Handling Missing Data in Small Area Estimation in ‘hbsaems’

Introduction

Missing data is a common challenge in data analysis, often introducing bias and reducing statistical power. In Small Area Estimation (SAE), missing values can significantly impact the reliability of estimates.

The hbsaems package provides several approaches to handle missing data before Bayesian modeling. This vignette explores three main methods:

Deletion (Complete Case Analysis) – Removing observations with missing values.
Model-Based Imputation (mi()) – Using Bayesian modeling to estimate missing values as part of the inference process.
Multiple Imputation – Performing multiple imputations before model estimation to account for uncertainty in missing values.
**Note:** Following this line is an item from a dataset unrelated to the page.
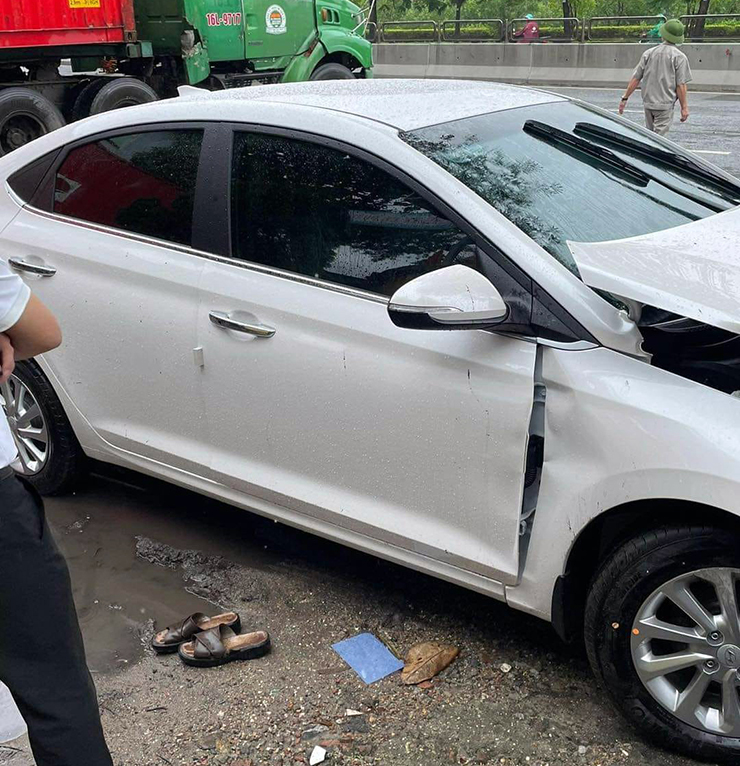 Vừa ra khỏi showroom, Hyundai Accent mất lái đâm thẳng vào gốc cây - 6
In this vignette, we demonstrate how to apply these methods, with the dataset provided in this package.

Simulated Data Example

library(hbsaems)
data("data_fhnorm")
data <- data_fhnorm
head(data)

1. Deletion (Complete Case Analysis)

In the deletion approach, rows with missing values are removed before fitting the model. This is the default strategy and is useful when the amount of missing data is small and assumed to be missing completely at random (MCAR).
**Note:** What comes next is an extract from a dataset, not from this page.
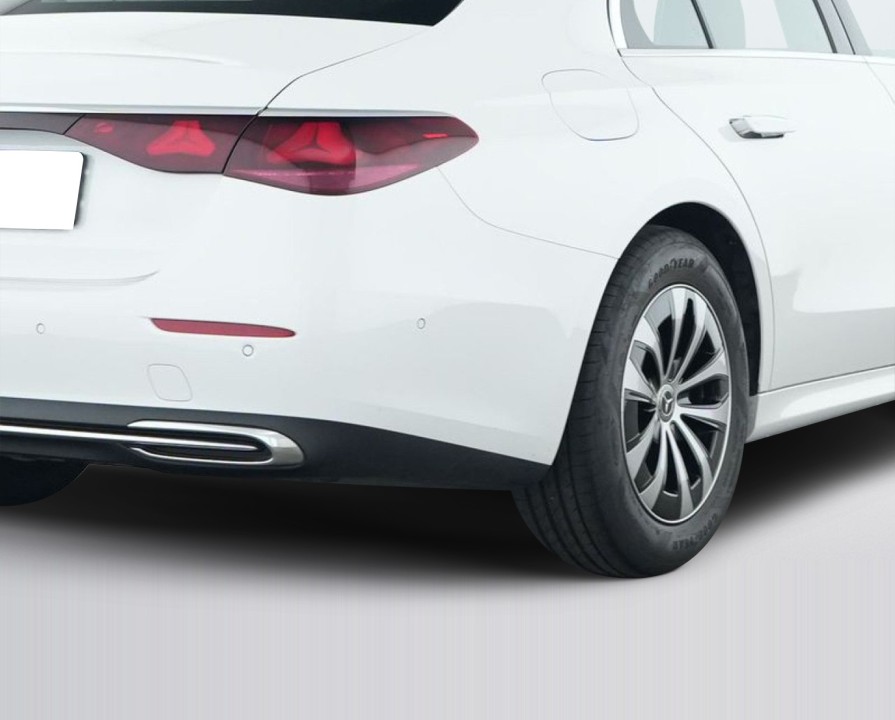 Mercedes-Benz E 200 Avantgarde - foto 14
When using the deletion approach with handle_missing = "deleted", only observations where the response variable (y) is missing will be excluded during model fitting, assuming all predictor variables (x) are complete. However, if the response variable is missing, these rows will still be included during the prediction stage, allowing estimates for missing outcomes to be generated.

data_missing <- data
data_missing$y[3:5] <- NA

model_deleted <- hbm(
          formula = bf(y ~ x1 + x2 + x3),
          hb_sampling = "gaussian",
          hb_link = "log",
          re = ~(1|group),
          data = data_missing,
          handle_missing = "deleted",
)

summary(model_deleted)

2. Model-Based Imputation using mi()

When handle_missing = "model" is specified, missing values in covariates are modeled directly using the mi() function from the brms package. This method allows for better uncertainty estimation by incorporating missing data directly into the model. It is important to note that this approach is only applicable to continuous covariates and cannot be used for discrete outcomes.
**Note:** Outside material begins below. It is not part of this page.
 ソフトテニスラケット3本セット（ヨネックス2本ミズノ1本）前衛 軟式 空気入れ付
Imputation during model fitting is generally considered more complex than imputation before model fitting because it involves handling everything within a single step. For example, consider a multivariate modeling scenario where multiple variables are predicted simultaneously, some of which may have missing values.

The model specification in hbm() allows for a multivariate model where multiple outcome variables are predicted simultaneously, with missing values modeled directly. Here’s a breakdown of how the formula for the model works:

data_missing <- data
data_missing$y[3:5] <- NA 
data_missing$x1[6:7] <- NA

model_during_model <- hbm(
  formula = bf(y | mi() ~ mi(x1) + x2 + x3) + bf(x1 | mi() ~ x2 + x3),
  hb_sampling = "gaussian",
  hb_link = "log",
  re = ~(1|group),
  data = data_missing,
  handle_missing = "model",
  prior = c(
    prior("normal(1, 0.2)", class = "Intercept", resp = "y"),  
    prior("normal(0, 0.1)", class = "b", resp = "y"),
    prior("exponential(5)", class = "sd", resp = "y"),
    
    prior("normal(1, 0.2)", class = "Intercept", resp = "x1"),  
    prior("normal(0, 0.1)", class = "b", resp = "x1"),
    prior("exponential(5)", class = "sd", resp = "x1")
  )
)

this model jointly estimates the outcome y and the predictor x1 that has missing values, using a model-based imputation approach. By specifying two sub-models—one for y as a function of x1, x2, and x3, and another for x1 itself as a function of x2 and x3—we ensure that the imputations of x1 are informed by its observed relationships with other variables, while also allowing the model for y to incorporate the uncertainty from imputation directly into the final inference. This joint modeling approach is preferable to ad-hoc imputation or complete case analysis because it maintains the internal consistency of the data and aligns with the Missing at Random (MAR) assumption, thereby producing more reliable estimates.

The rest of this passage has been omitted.